MATERIAL PROVIDED:
--------------------

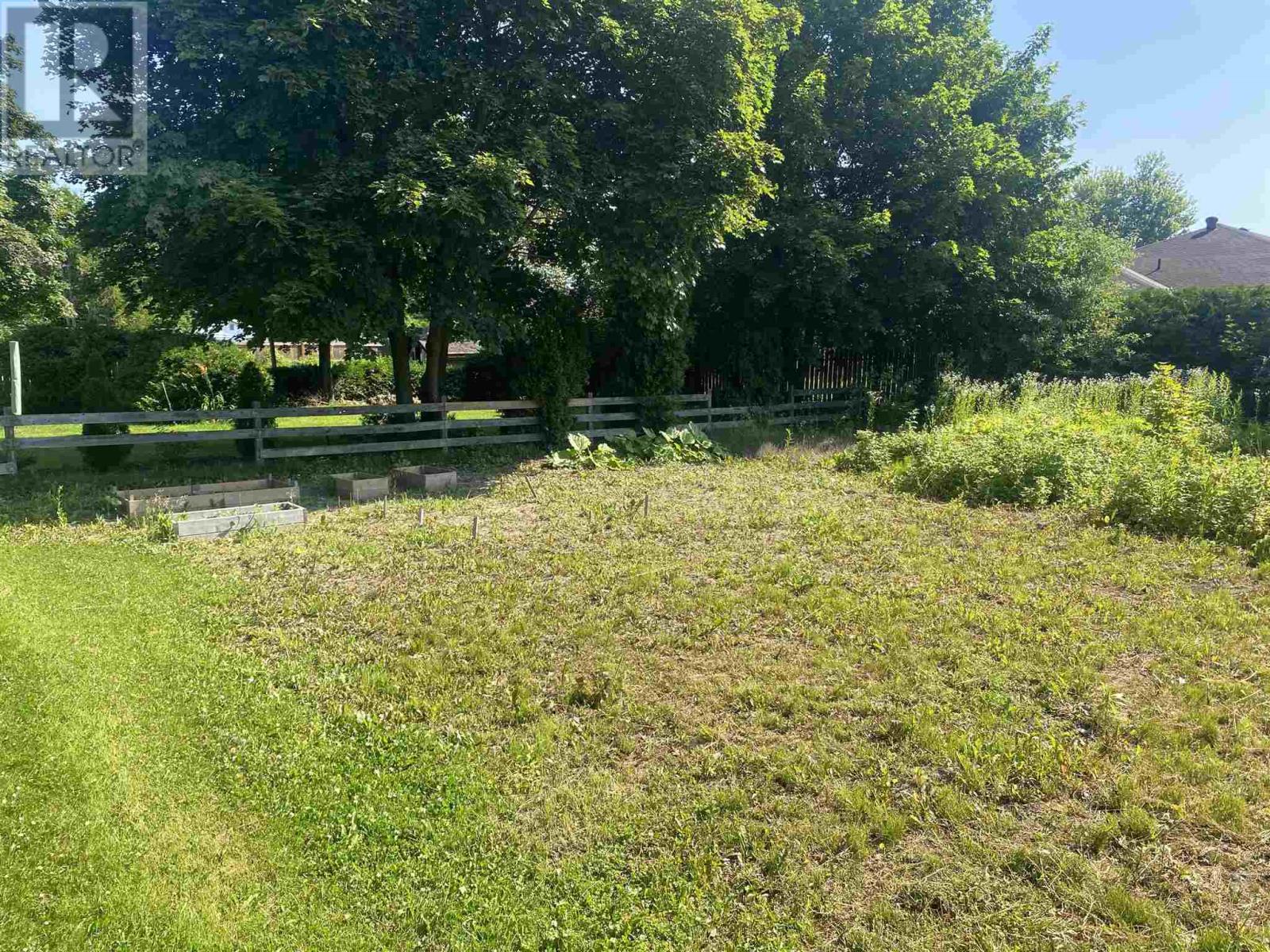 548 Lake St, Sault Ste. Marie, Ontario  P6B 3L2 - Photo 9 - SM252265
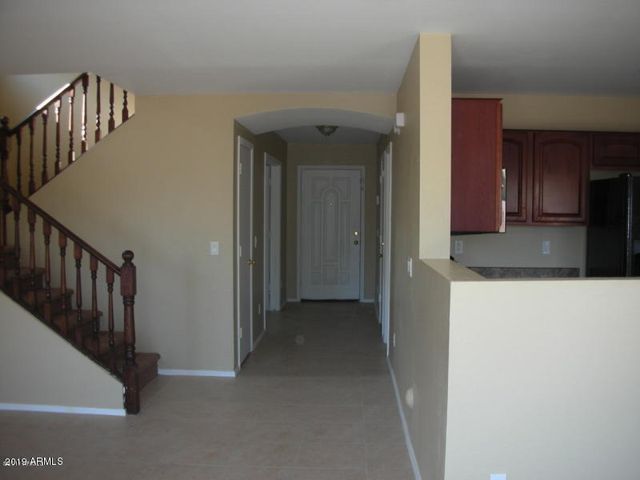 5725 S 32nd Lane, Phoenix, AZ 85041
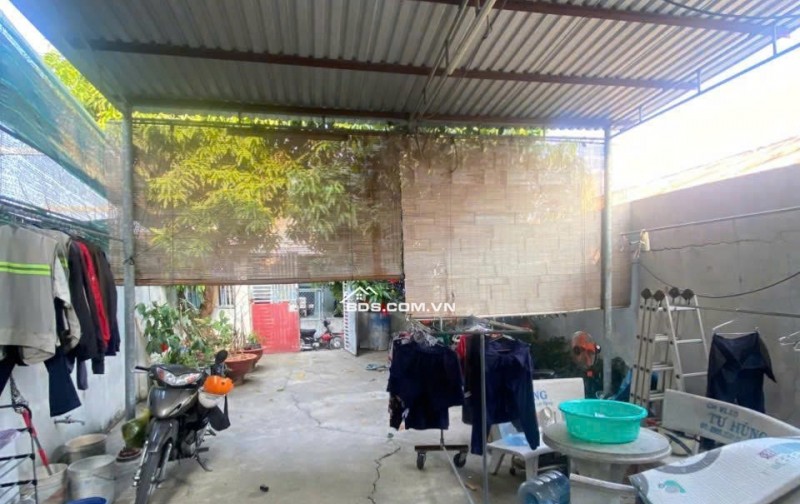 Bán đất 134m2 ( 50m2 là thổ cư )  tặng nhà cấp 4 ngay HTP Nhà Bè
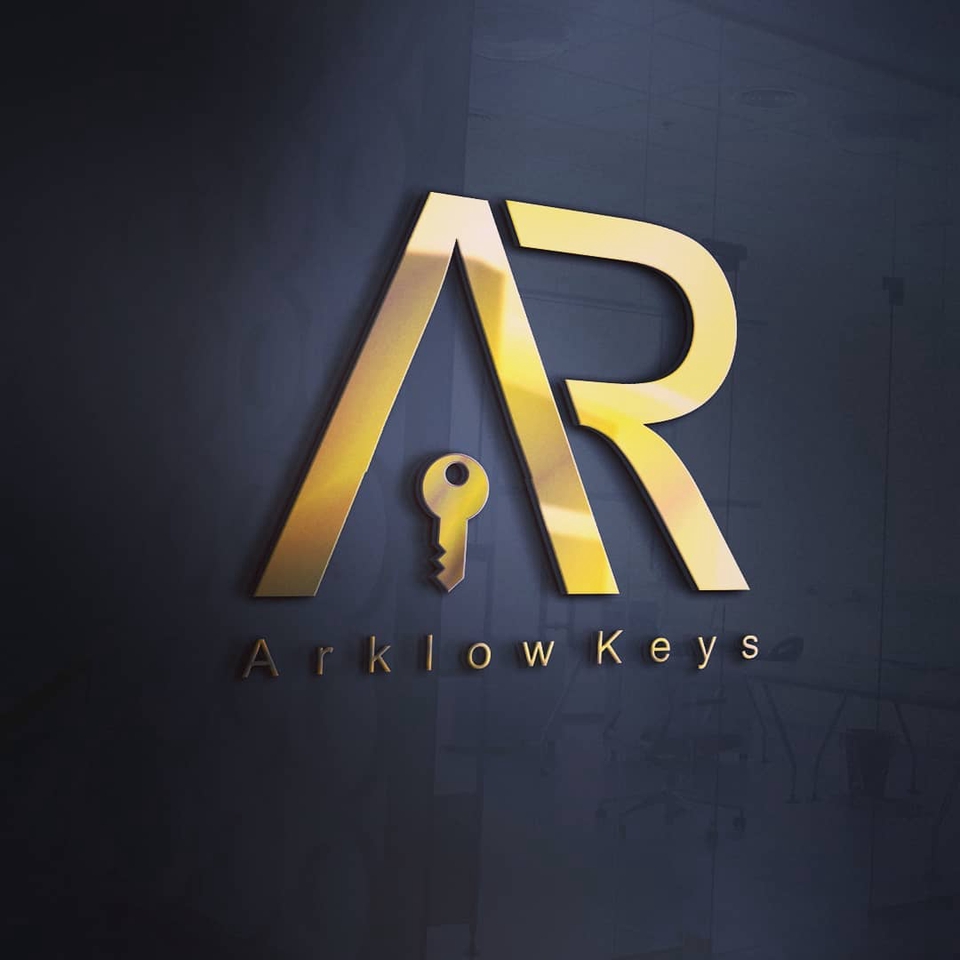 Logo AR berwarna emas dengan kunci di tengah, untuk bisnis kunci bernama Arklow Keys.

--------------------

Could you transcribe the material above exactly, keeping every picture out?

 548 Lake St, Sault Ste. Marie, Ontario  P6B 3L2 - Photo 9 - SM252265
 5725 S 32nd Lane, Phoenix, AZ 85041
 Bán đất 134m2 ( 50m2 là thổ cư )  tặng nhà cấp 4 ngay HTP Nhà Bè
 Logo AR berwarna emas dengan kunci di tengah, untuk bisnis kunci bernama Arklow Keys.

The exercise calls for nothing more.